SVAR, here, I am being deliberately somewaht indistinct, as in Sanskrit, the Svar which means ‘voice’ or ‘music’, is subtly different to the Svar which means ‘Sun’, ‘Water’, ‘Light’ .. and underpins also “Heaven” – Svar, although also in a more ‘defined’ sense, Svarga-Loka, Svarna , and so forth. Svaraj, Rule by Heaven …
Anyway, the point here is that ‘voice’ and ‘music’ as a cosmological, cosmogonical principle – the unfolding unfurling of creation in a manner not entirely unakin to Tolkien’s writing of same in the Silmarillion … well, that precedes forth from Shiva & Shakti. And also expresses Itself as Light, as Sound, coruscating and resounding through the Heavens.
But, you see, there are also those ‘deeper meanings’. ‘deepa meanings’ [another pun – deepa is a devotional lamp, illumination]
As without the unfolding and on-running process of ‘time’, the Universe cannot exist, except ‘statically’.
But also on that other level … “Death” is necessary in order to protect, uphold, and safeguard Creation.
That is another of those mythological references – the assumption of Kali, the Destroyer Form by the Goddess, in order to protect the Heavens from Demonic onslaught.
You see, part of my purpose in writing this , is to focus the mind and remind us of our duty.
So, the pious action in the first line, is the acknowledgement of Ratri, but also the lighting and keeping of the Sacred Flames – the Conduit up to the Divine.
The pious action in the second line, well, it is the acknowledgement of Death, and where necessary the bringing of it about [c.f , in a slightly different sense, the elements from Chapter 10 of the Bhagavad Gita , around .. well .. you can look taht one up 😉 ]

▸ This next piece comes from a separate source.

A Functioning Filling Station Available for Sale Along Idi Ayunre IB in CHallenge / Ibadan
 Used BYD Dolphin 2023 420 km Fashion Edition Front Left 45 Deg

but also, the utilization of our Voices, our ‘Music’ to constantly re-immanentize here in this universe, the Sacred, the Holy, the Pious; keep attention also focused up, and that is what we are protecting.
Vidyut, I am once more .. well, this picks up more directly from the previous, as it refers to Light, to Lightening, to ‘Enlightenment’, you might say. Lightning as a creative principle, guided by the illuminating principle of wisdom – which ‘charges’ in that ‘electric’ manner …
… Veda, here, i am deliberately beign a little indistinct with th pun-value in Sanskrit, as ‘Veda’ would refer to knowledge, insight, the acquisition of same .. whereas ‘Vedha’, wiht that sound-shift on the last consonant, refers to the notion of Piety, of Faith – but also, to the notion of Striking, of Penetrating.
So here, we see that I am simultaneously recalling the Lightning Voice of the Divine and Creation, but also the notion of the electrically charged radiance of Divine Wisdom, and the weaponized qualities of both, and the necessity of inquiry and even introspection, to get to the heart of it.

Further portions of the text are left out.